Neural Network Friction Model

We'll use a small feedforward network to learn the friction as a function of velocity only:

# Neural network for friction model
# Input: velocity (1D)
# Output: friction force (1D)
ni = 1  # Network input dimension (velocity only)
no = 1  # Network output dimension (friction force)
nhidden = 6  # Hidden layer size

const friction_model2 = Chain(
    Dense(ni, nhidden, tanh),
    Dense(nhidden, nhidden, tanh),
    Dense(nhidden, nhidden, tanh),
    Dense(nhidden, no)
)

# Setup network parameters
dev = cpu_device()
ps, st = Lux.setup(rng, friction_model2) |> dev
parr = ComponentArray(ps)

Hybrid Dynamics Model

We combine our knowledge of the physics with the neural network friction model, the only part of the friction we assume known is that it is anti-symmetric around zero velocity:

# Initial state combining physical states and NN parameters
x0 = Float32[0.0, 0.0]
s0 = ComponentVector(; x=x0, p=parr)

function friction_function(v, params, st)
    # Neural network predicts friction based on velocity
    # We assume that we know that friction is anti-symmetric around zero velocity
    friction_nn, _ = Lux.apply(friction_model2, SA[abs(v)], params, st)
    return friction_nn[1]*sign(v)
end

# Continuous-time hybrid dynamics: known physics + learned friction
function hybrid_dynamics_continuous(xp, u, p, t)
    xp_comp = ComponentArray(xp, getaxes(s0))

    x₁, x₂ = xp_comp.x
    params = xp_comp.p
    m = 1.0f0

    friction = friction_function(x₂, params, st)

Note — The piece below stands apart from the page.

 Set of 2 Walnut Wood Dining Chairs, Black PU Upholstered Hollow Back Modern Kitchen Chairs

    # Known physics: Newton's second law
    force = u[1]
    acceleration = (force - friction) / m

    # Combine state and parameter dynamics
    ComponentVector(
        x = SA[x₂, acceleration],  # State derivatives
        p = -0.0001f0 * params  # Parameter dynamics (slow decay equivalent to 0.999 in discrete time)
    )
end

# Discretize the hybrid dynamics
discrete_hybrid_dynamics = SeeToDee.Rk4(hybrid_dynamics_continuous, Ts)

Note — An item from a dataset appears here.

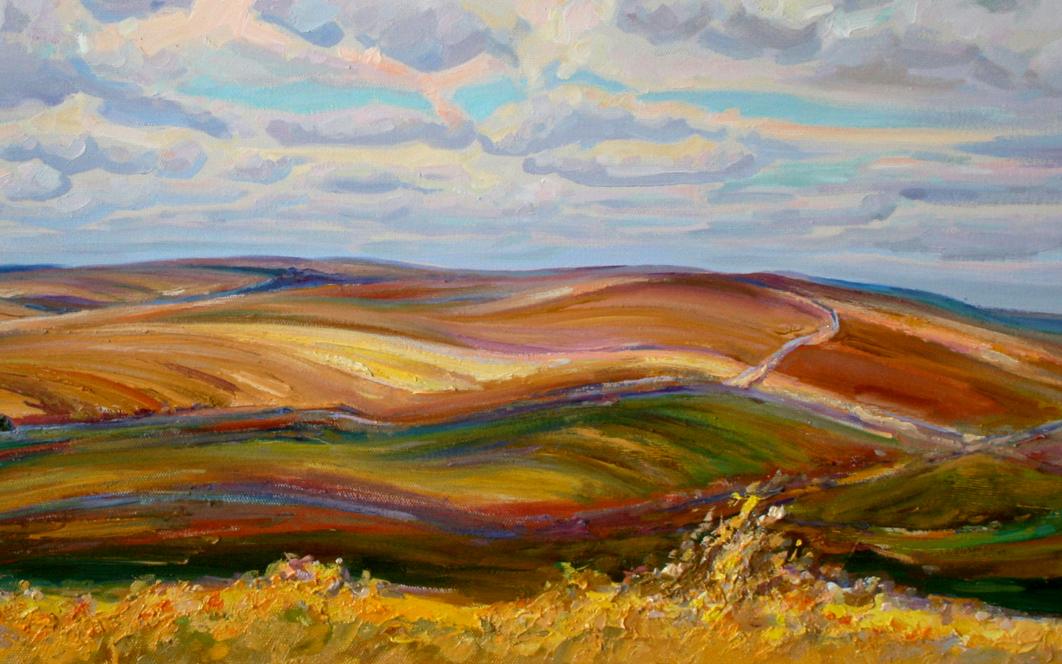 Vibrant impressionist oil painting Endless distances by Leonid Pavlenko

# Wrapper for in-place version needed by EKF
function hybrid_dynamics(out0, xp0, u, p, t)
    xp_next = discrete_hybrid_dynamics(xp0, u, p, t)
    out0 .= xp_next
    nothing
end

# Measurement model (observe full state)
@views measurement(out, xp, _, _, _) = out .= xp[1:nx]

Extended Kalman Filter Setup

# Process and measurement noise covariances
R1 = Diagonal([
    0.001f0 * ones(nx);             # Process noise for physical state
    0.0001f0 * ones(length(parr))   # Noise for NN parameters (allows learning)
])
R2 = Diagonal(0.05f0^2 * ones(ny))  # Measurement noise

# Jacobian computation with sparsity detection
function Ajacfun(x, u, p, t)
    backend = AutoSparse(
        AutoForwardDiff(),
        sparsity_detector=TracerSparsityDetector(),
        coloring_algorithm=GreedyColoringAlgorithm(),
    )
    out = similar(getdata(x))
    inner = (out, x) -> hybrid_dynamics(out, x, u, p, t)
    prep = prepare_jacobian(inner, out, backend, getdata(x))
    jac = one(eltype(x)) .* sparsity_pattern(prep)

    function (x, u, p, t)
        inner2 = (out, x) -> hybrid_dynamics(out, x, u, p, t)
        DifferentiationInterface.jacobian!(inner2, out, jac, prep, backend, x)
    end
end

Ajac = Ajacfun(s0, data.u[1], nothing, 0)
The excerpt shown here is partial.